Qualquer um que se atreva a defender os princípios da liberal democracia ou do capitalismo de mercado nesta nossa sociedade, virtualmente arrebatada pela Revolução Cultural Gramsciana, onde o discurso prevalece sobre as atitudes e as versões têm peso maior do que os fatos, é imediatamente taxado de egoísta, ganancioso, sem coração e outras alcunhas não menos ofensivas. As pechas sobre mim lançadas, carrego-as até com certa tranqüilidade, principalmente porque acredito naquilo que defendo. Ademais, não ganho absolutamente nada com essa, digamos, "ideologia política", exceto, é claro, a satisfação do dever cumprido. Procuro manter, até onde a minha paciência frente à burrice permite, uma atitude tolerante com as opiniões contrárias, jamais levando eventuais diferenças para o lado pessoal.

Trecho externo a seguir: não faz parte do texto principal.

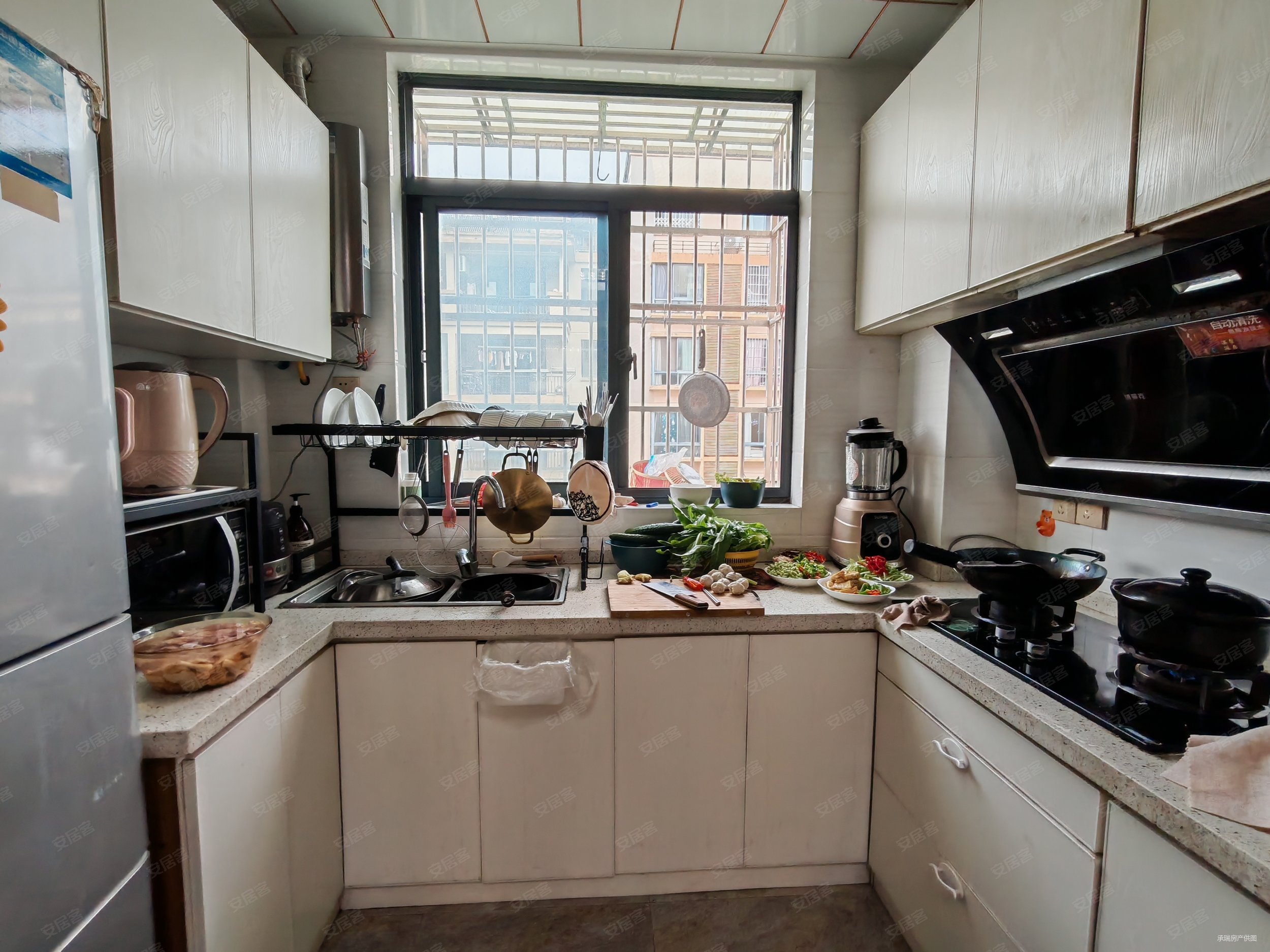 御泉湾二期枫景苑2房2厅1卫精装修,有外阳台,六中附近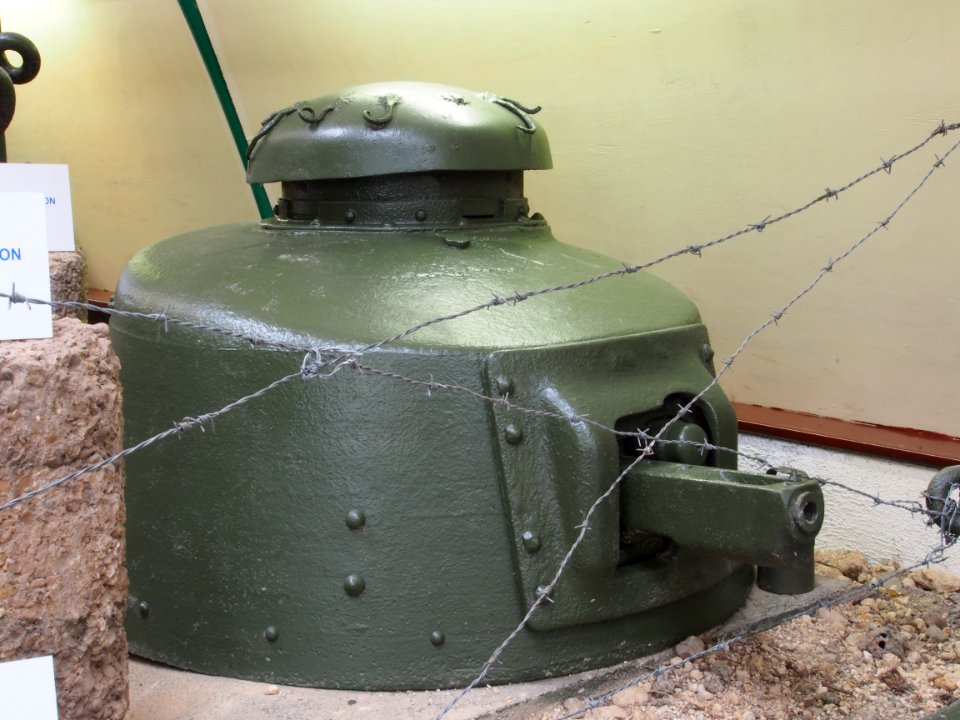 Fort de Fermont and its museum - Ex FT17 turret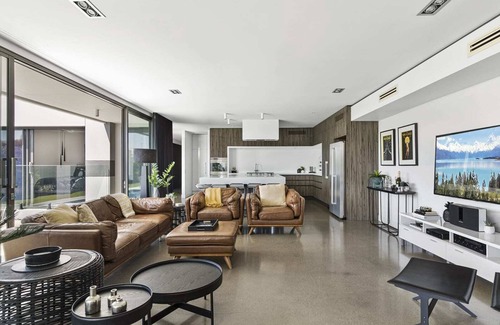Mulwala House | Relax at The Sinatra Holiday House - Ideal for 10 Guests!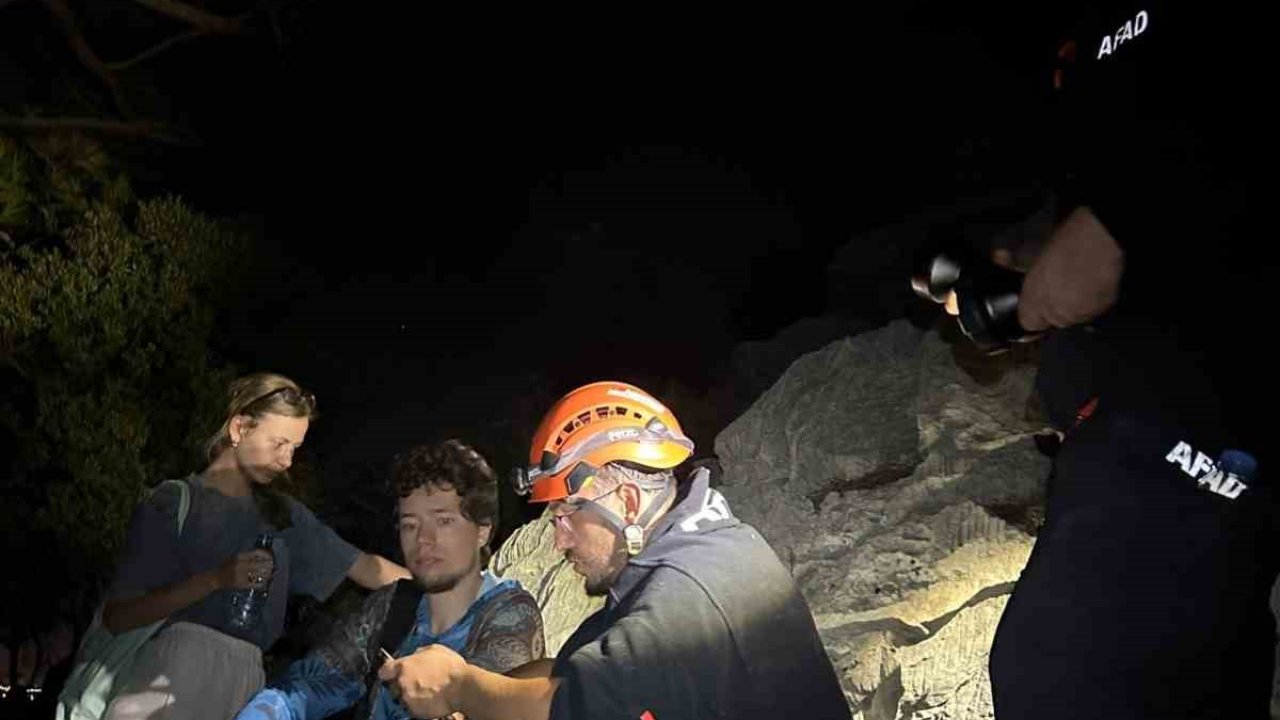 Ormanlık arazide kaybolan 2 Rus turisti AFAD ekipleri kurtardı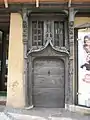 Porte gothique de la maison à pan de bois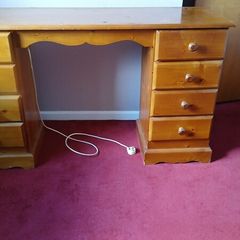 pine bedroom beureux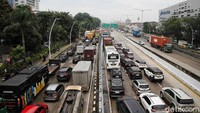 Arus lalu lintas yang mengarah ke Tanjung Priok macet panjang. Sementara arah sebaliknya ramai lancar.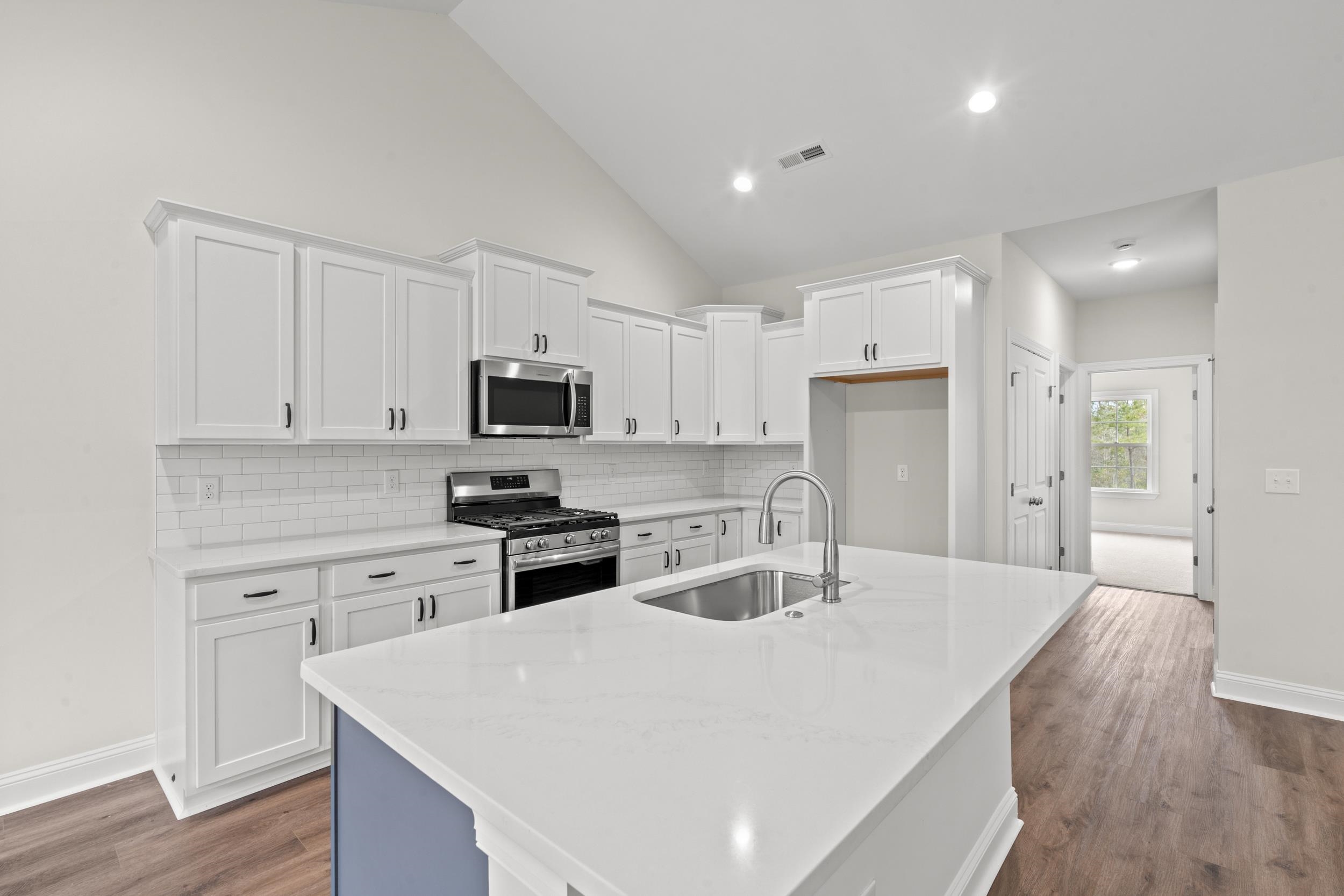 1425 Loop Circle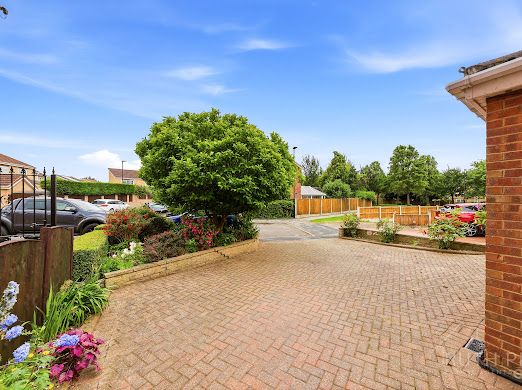 Detached House in Doncaster 3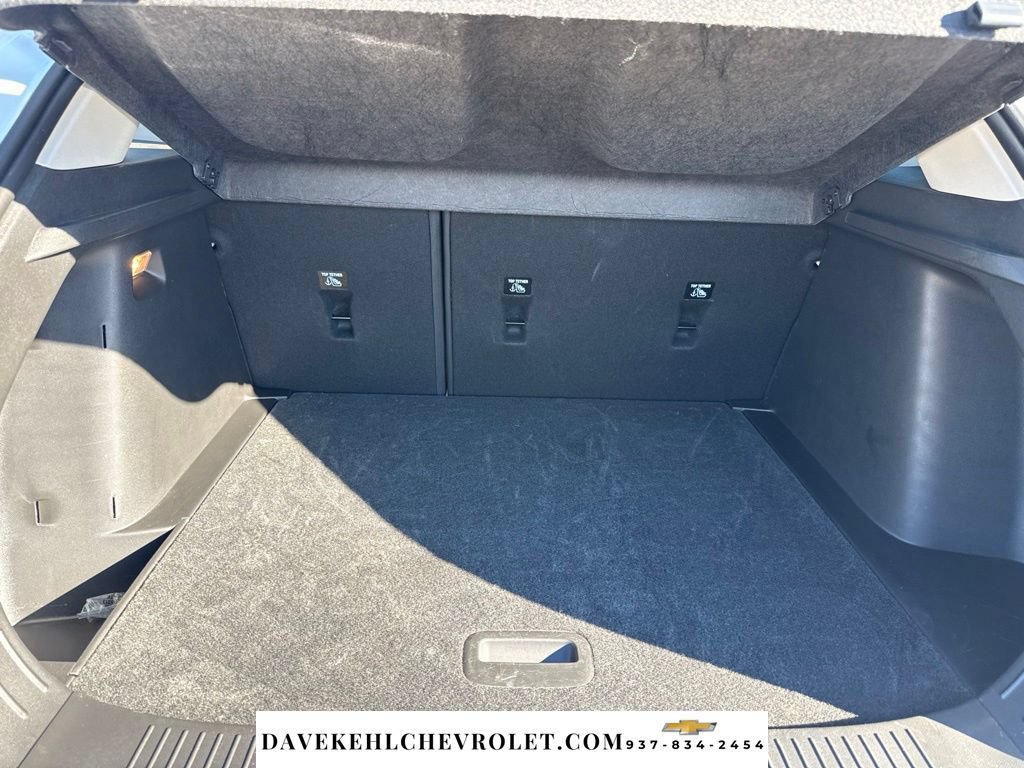 Used 2025 Chevrolet Trax LT FWD image 26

Algumas críticas - talvez o mais correto fosse dizer censura -, no entanto, ainda machucam um pouco. Não pelo teor das mesmas, já que os argumentos não fogem muito do habitual e praticamente já os conheço todos, mas porque partem de pessoas que me são caras; de gente cujas opiniões considero importantes; enfim, de gente como o meu pai. É a ele que dirijo estas linhas, na esperança de que possa entender um pouco melhor o meu pensamento e, quem sabe, perdoar-me por combater, dentre outras coisas, a sedutora sereia marxista que lhe tem enfeitiçado por muito tempo, através da famigerada Teologia da Libertação.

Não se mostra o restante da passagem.